Use Transfer, with a SIP: URI, after the call is answered.
Note this is the first I’ve heard this of Twilio. Other providers use redirection headers to indicate that an outgoing leg is the result of an incoming leg, so should have had its CLI forwarded. However I have no personal experience of doing this.
I actually thought it was uncommon for providers to support REFER>
Cant use sip:URI schema, because the number I want to forward to is not behind sip.
from twilio docu:
Call Transfer to the PSTN
In order to transfer a call to the PSTN you must include your Trunking Termination Domain for example sip:+14152908007@{my-trunk}.pstn.twilio.com or alternatively use a Tel-URI for example tel:+14152909007 in the Refer-To header.
so, thats the reason, why I’m trying to use tel schema here, because the number I’m trying to forward to is not under sip…
just for understanding
I have a number on sip trunk, where the originating call is coming
asterisk receives that call and because nobody can answer that call should be transfered to another number.
you say, that that another number should be on a sip trunk in twilio. If so, twilio will send it to asterisk again and I’ll end in a infinite loop.
Twilio would only send it to Asterisk again, possibly, if you tell it to redirect the call to a number that is routed to Asterisk. If you SIP REFER to a number that is not yours, then Twilio would presumably just send the call within their infrastructure and you would have no further knowledge of it.
call is processed by asterisk again, but the DID is not the configured one, so asterisk answers with a message “the number you are calling is not in use”.
I desperatly trying to configure reliable call forward, but I dont know anymore where to look.
my custom extension configuration looks like this:
what I observe here, is, the asterisk replies with 302 Moved Temporary, instead of SIP REFER and uses Contact the number I want, BUT always with the IP from the asterisk server.
302 is because the call has not been answered. REFER can only be used for answered calls. Other people seem to be asking questions based on wanting to use 302 with Twilio.
I’m surprised that the domain name is being resolved. That looks wrong to me.
You haven’t said what 194.XXX.XX.143 represents and you have obfuscated both domain and IP sufficiently that I can’t work that out by doing DNS lookups.
I wonder if you have rewrite_contact and there is a bug causing it to rewrite every contact, not just those it should overwrite. If so note that none of the NAT hacks (rewrite_contact, force_rport, and symmetric_media) should be needed when using a competent provider. They should only be needed when accessing phones which can’t be properly configured for use behind NAT. Normal providers should only be outside NAT, not behind it.
and similar question regarding contact field just a moment ago, with your reference to documentation for redirect method: Asterisk not redirecting calls properly
I think that Twilio will be happy with 302, if they accept redirects, at all. Strangely, you answer the call by calling Answer(), or as a side effect of some other applications, but note that answering will start the billing clock, for the caller, if the call is chargeable.

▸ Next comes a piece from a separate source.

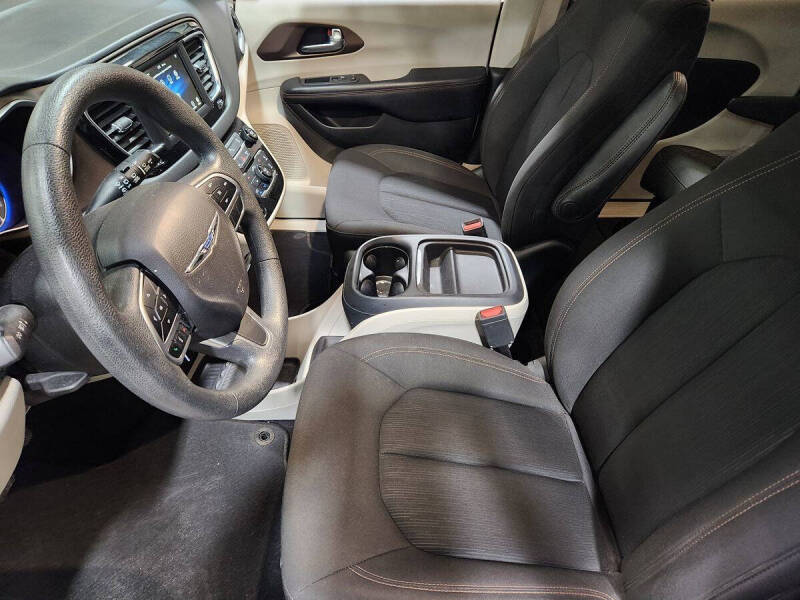 2018 Chrysler Pacifica Touring Plus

The other thread is about incoming redirects, not outgoing ones, unless I read it wrongly. My answer was about incoming ones. Incoming redirect => outgoing call.
I’ve run the wireshark on the other thread and it is definitely an incoming (302) redirection, so my answer, on that one, stands. Also note on that one that the unexpected IP address is not that of Asterisk.

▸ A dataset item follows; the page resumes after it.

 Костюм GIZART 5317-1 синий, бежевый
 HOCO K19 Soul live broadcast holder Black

You didn’t answer the implied question as to whether you had rewrite contact set. As noted, this should not be required for competent ITSPs.

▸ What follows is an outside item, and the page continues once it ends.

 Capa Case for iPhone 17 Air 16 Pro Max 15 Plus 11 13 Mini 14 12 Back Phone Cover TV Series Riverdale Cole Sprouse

It occurs to me that, if Asterisk is inappropriately applying rewrite_contact to the Contact header in 302 responses, that could explain, although not justify, the original crash, as it could mishandle the missing “@” in the tel: URI, and try to replace a domain that didn’t exist, in the first place.
If that is the case going through the proper crash reporting process (including backtraces from a non-optimised build) might show the crash to be in the rewrit_contact code, although sometimes such errors produce a delayed crash.
The rewrite_contact option is not applied in that scenario, and it has protection against non-SIP/SIPS based URIs. It would be the external_signaling_address option on transport that would be applied, and it also has protection. There is also an issue where external_signaling_address is applied to the Contact on requests/responses it shouldn’t be, specifically when using Transfer().
An issue can certainly be filed with a backtrace, but there’s no guarantee of if/when it would be looked at and resolved.